PMC: Yes, I completely agree. You have some very poor uses of visualization (or sometimes no visualization at all) when dealing with some datasets and favoring only their analytical description (with some simple drawings, here and there…). We are talking about two different ways of working, seeming even that they employ different types of professionals. Of course that “big data approach” will typically lead to poor representations. When choosing a narrative you have to apply certain constraints, perhaps leave some aspects of the data out of the picture, and not everyone likes to do this a priori. It may also be much harder to do since data could be less structured than the one being used on the “digital methods approach”, and then it is harder to extract semantic contexts from it. What you can do is to tag the data yourself, structure it yourself. But even this will have you making certain assumptions that not everyone is comfortable doing so early in the process. Of course the visualizations in “digital methods” are richer, more visually elaborate, but less complex in the problem delineation. They say more to people. But let me tell you, sometimes you have certain subjects or data, that will always be contextualized as “big data”, and these subjects shouldn’t be treated using the “digital methods” approaches–the complexity of the visualization may actually alienate the interest of a public you are trying to reach.

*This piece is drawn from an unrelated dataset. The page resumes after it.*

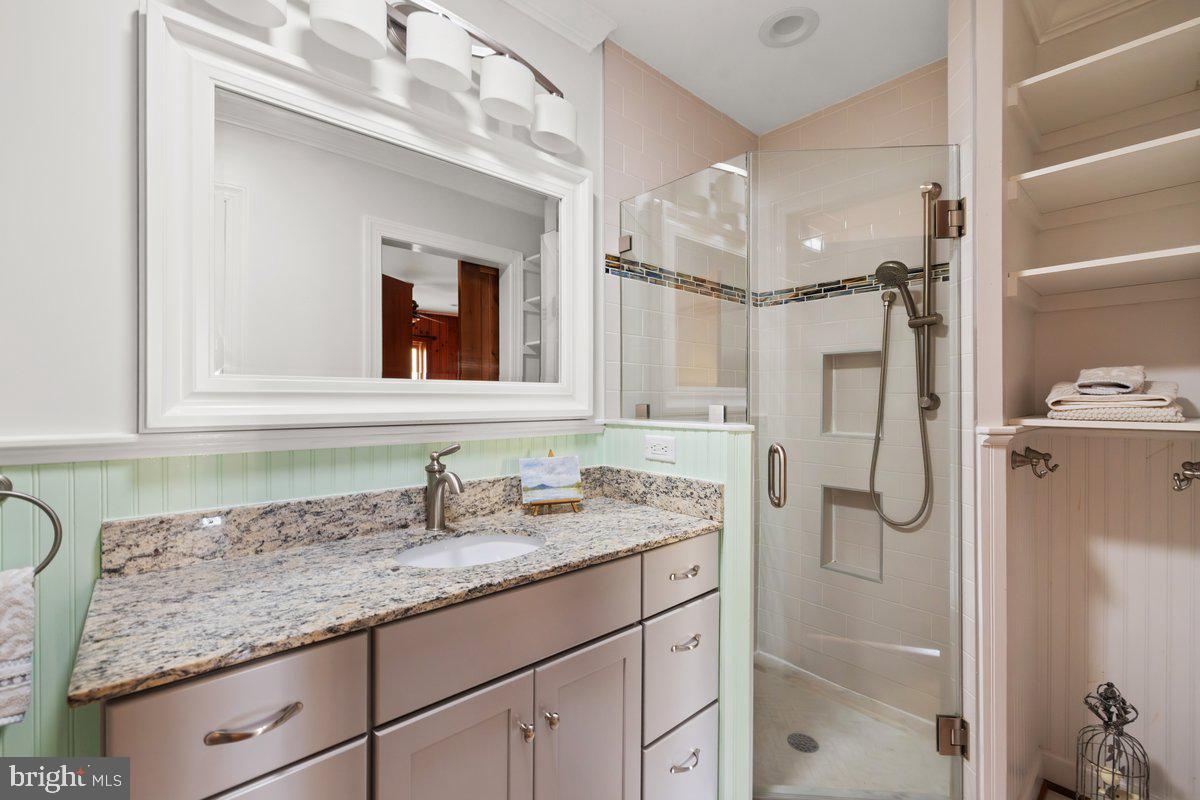 1494 Bennys Beach Road Front Royal, VA 22630 - Photo 23 of 53 Main level full bath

DR: Both in crafting an anecdote and an argument, the design choices implied in doing visualization lead to the notion of the researcher as an author. How do you make this role visible in your visualization, if it is possible? How, as an author, do you make your design choices in connection with your foreseen public?
Santiago Ortiz, in one of his workshop, asked the students to find a way to visualize two numbers and they ended up with more than 40 ways, all equally valid. Is the notion of authorship as linked to a principle of responsibility the way to escape the urge to evaluate visualization for example in ergonomic terms as the cognitive charge or the speed of decoding information from their visual representation?

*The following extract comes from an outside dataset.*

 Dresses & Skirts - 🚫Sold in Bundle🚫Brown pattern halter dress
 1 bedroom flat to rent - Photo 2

PMC: Of course it is possible. You have several author roles in the process of visualization, you choose a story (and extract it from data), you choose an audience and you even setup those additional visual cues that add to your discourse/story but are not necessarily in the data at all. This is visible in the visualizations that I do because you have there clear graphical and functional constraints embrace and solutions that are purposely tailored for that dataset and hardly would work with others on different subjects.

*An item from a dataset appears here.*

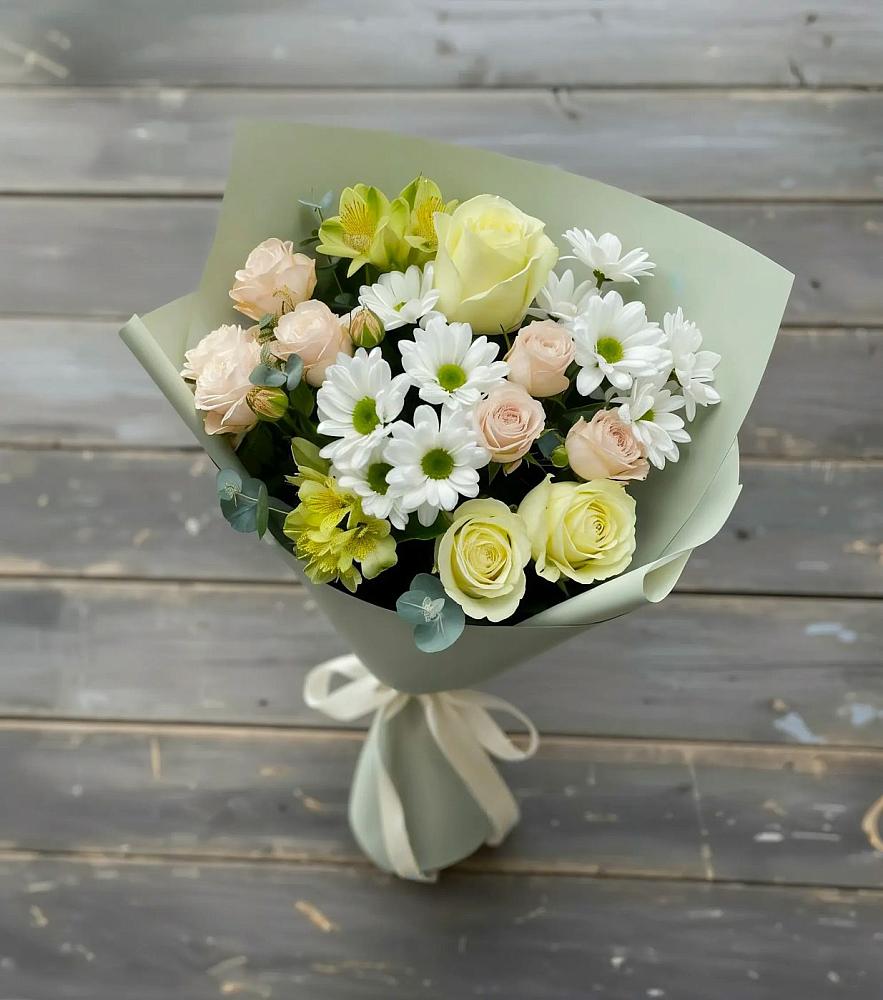 Букет цветов из: Альстромерии, Розы и Хризантемы в Сусумане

Well, it seems you have more than 40 ways to represent two numbers, but are they equally valid considering your audience and story? If you take the semantic nature of those numbers you will see they are not. So here you are already making choices where what is left to know is if the choice of the story and audience are also yours.
As for relating authorship with the lack of scientific analysis of the perceptual effectiveness of a visualization, I do not think it should be seen like that at all. I can tell that those types of empirical evaluations are not my approach, but they are needed, and I certainly do mine based on the knowledge of others’ analysis. The importance here is not to obliterate all that we already know about rules for the perceptual decoding of information on the posture that we don’t want to compromise our “artist’s integrity”… First things first. Information first. You are not an artist, you are an author of a very well defined discourse that you want to communicate, a discourse that you logically built from a dataset, and the author of a design that clearly and effectively communicates that discourse.
Pedro Miguel Cruz, is an independent designer and currently enrolled as a PhD student in the Doctoral Program for Information Science and Technology at the University of Coimbra in Portugal.